Nonadiabatic Electronic Dynamics in Isolated Molecules and in Solution Studied by Ultrafast Time–Energy Mapping of Photoelectron Distributions

Abstract

Abstract Nonadiabatic electronic dynamics contribute to the diversity of chemical reactions. We investigate nonadiabatic dynamics in isolated molecules and aqueous solutions by time-resolved photoelectron spectroscopy. For isolated molecules in the gas phase, we combine two-dimensional imaging detection of electrons and a sub-20 fs deep UV and vacuum UV light source to measure time-evolution of the photoelectron kinetic energy and angular distributions. Time–energy mapping of photoelectron angular anisotropy reveals the S2 → S1 internal conversion dynamics through conical intersection in pyrazine, benzene, and toluene. The time–energy mapping is also employed to extract the photoelectron angular distribution in the molecular frame for nitric oxide.
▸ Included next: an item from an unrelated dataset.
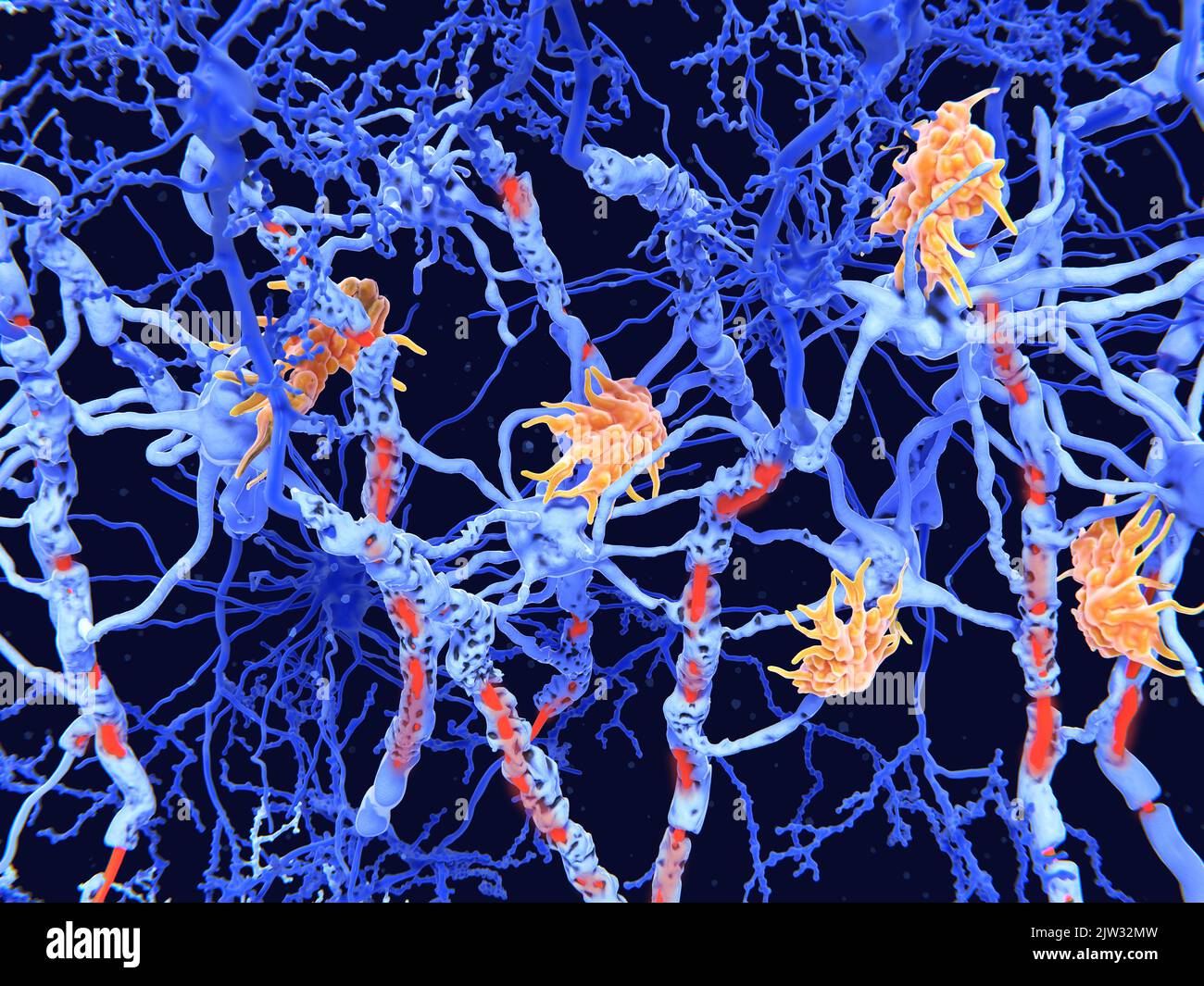 Illustration von beschädigten Nervenzellen, die durch die degenerative Erkrankung Multiple Sklerose verursacht werden. Zellen des Immunsystems (Mikroglia, Orange) haben die Nervenzellhüllen (Myelin) angegriffen, was zu einer geschädigten Myelin (rot) und gestörter Signalfunktion zwischen den Nervenzellen (Neuronen, blau) führte. Multiple Sklerose ist eine fortschreitende Erkrankung, die Kribbeln, Sprachstörungen, Koordinationsstörungen, Lähmungen und Tod verursachen kann. Die Mikroglia-Zellen greifen die Oligodendrozyten an, die die isolierende Myelinhülle um Neuronaxonen bilden, was zur Zerstörung der Myelinhülle führt. Stockfoto
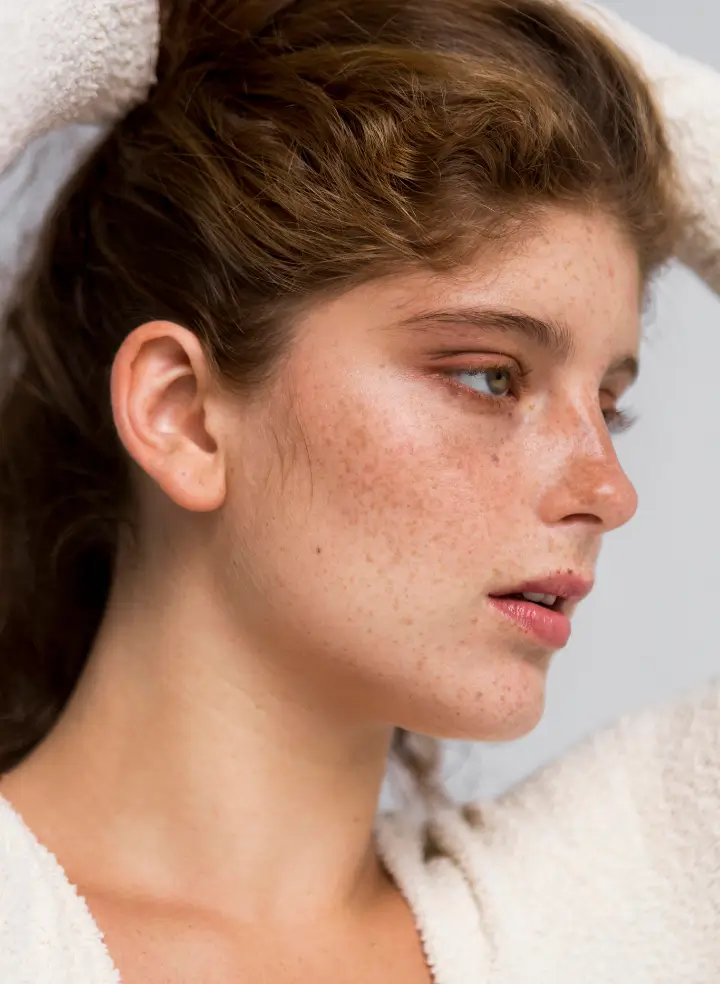 Dark Spots & Hyperpigmentation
For electronic dynamics in aqueous solution, we employ time-resolved photoelectron spectroscopy using a liquid beam and an electrostatic or a time-of-flight electron energy analyzer. Successful observation of ultrafast electron-transfer reactions in aqueous solutions and measurement of electron binding energies of solvated species suggest promising future developments of this very young field.